(RECORDS)
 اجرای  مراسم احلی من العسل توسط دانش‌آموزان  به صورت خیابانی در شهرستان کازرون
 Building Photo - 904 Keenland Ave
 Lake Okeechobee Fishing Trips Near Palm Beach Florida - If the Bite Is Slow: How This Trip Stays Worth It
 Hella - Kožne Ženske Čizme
(End RECORDS)
(RECORDS)
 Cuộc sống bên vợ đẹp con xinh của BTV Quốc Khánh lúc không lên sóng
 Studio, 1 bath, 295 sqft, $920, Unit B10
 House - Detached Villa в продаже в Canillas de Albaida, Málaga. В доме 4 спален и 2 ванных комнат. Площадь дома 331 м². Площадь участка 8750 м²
(End RECORDS)
(RECORDS)
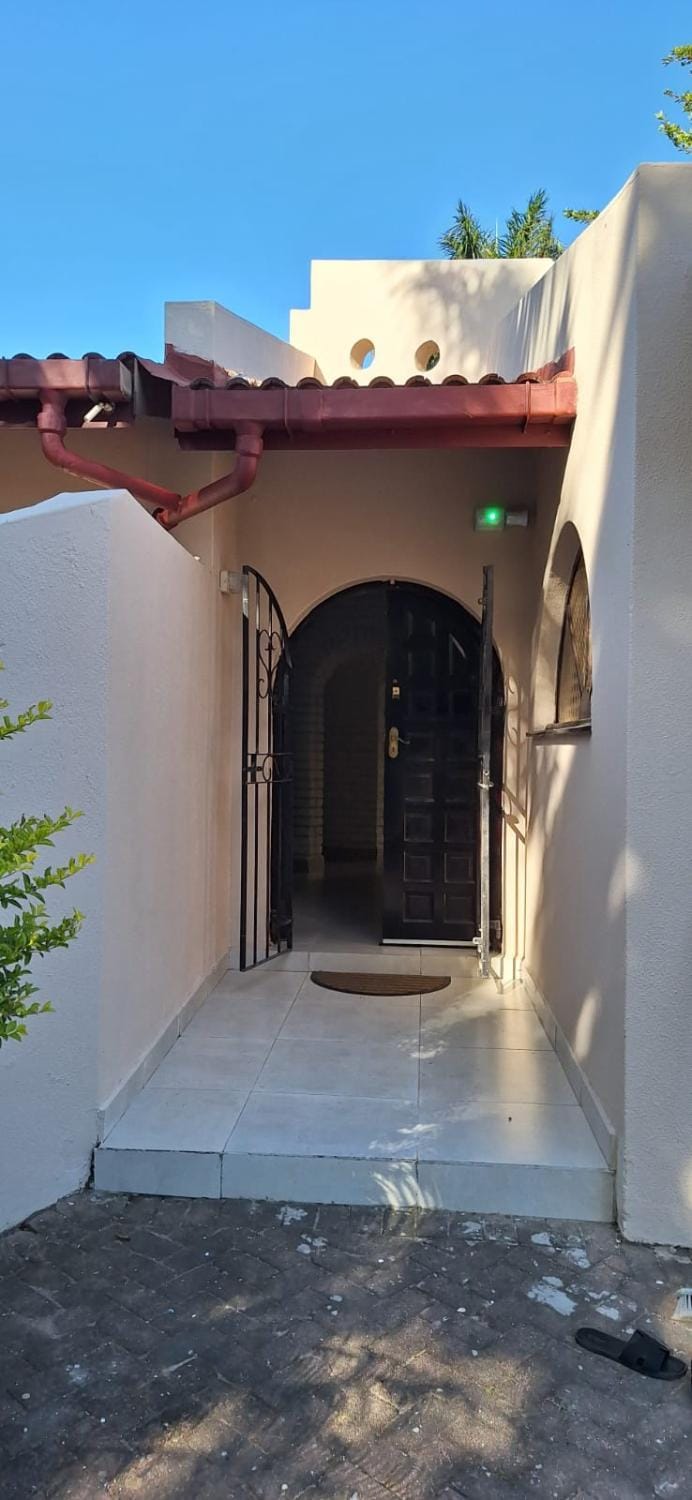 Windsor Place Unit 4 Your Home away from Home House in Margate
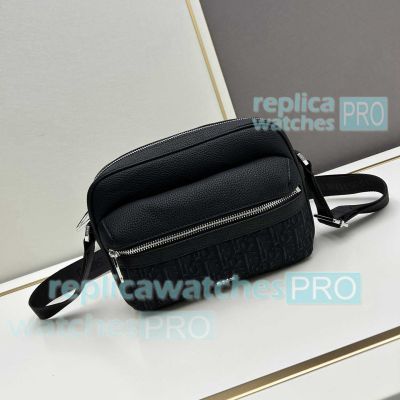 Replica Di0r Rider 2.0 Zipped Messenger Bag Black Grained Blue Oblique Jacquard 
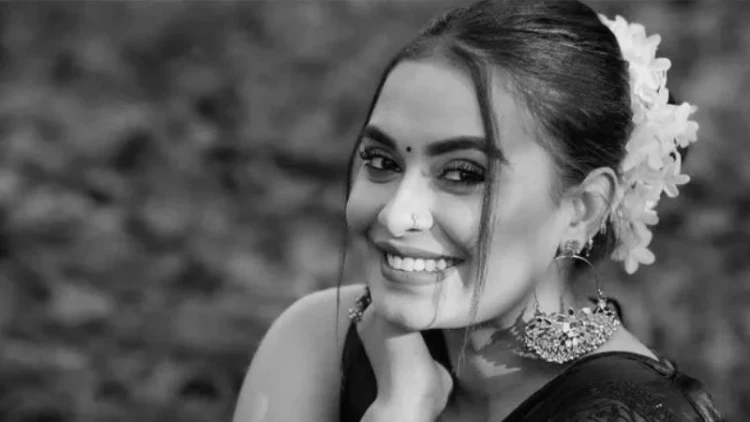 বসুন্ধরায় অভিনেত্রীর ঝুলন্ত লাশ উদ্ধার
(End RECORDS)
• [TASK PROMPT]: Set down exactly the lines of the data above, beginning with the line that has "Studio, 1 bath, 295 sqft, $920, Unit B10" and ending with the line that has "House - Detached", and no others.

• [TASK RESPONSE]:
 Studio, 1 bath, 295 sqft, $920, Unit B10
 House - Detached Villa в продаже в Canillas de Albaida, Málaga. В доме 4 спален и 2 ванных комнат. Площадь дома 331 м². Площадь участка 8750 м²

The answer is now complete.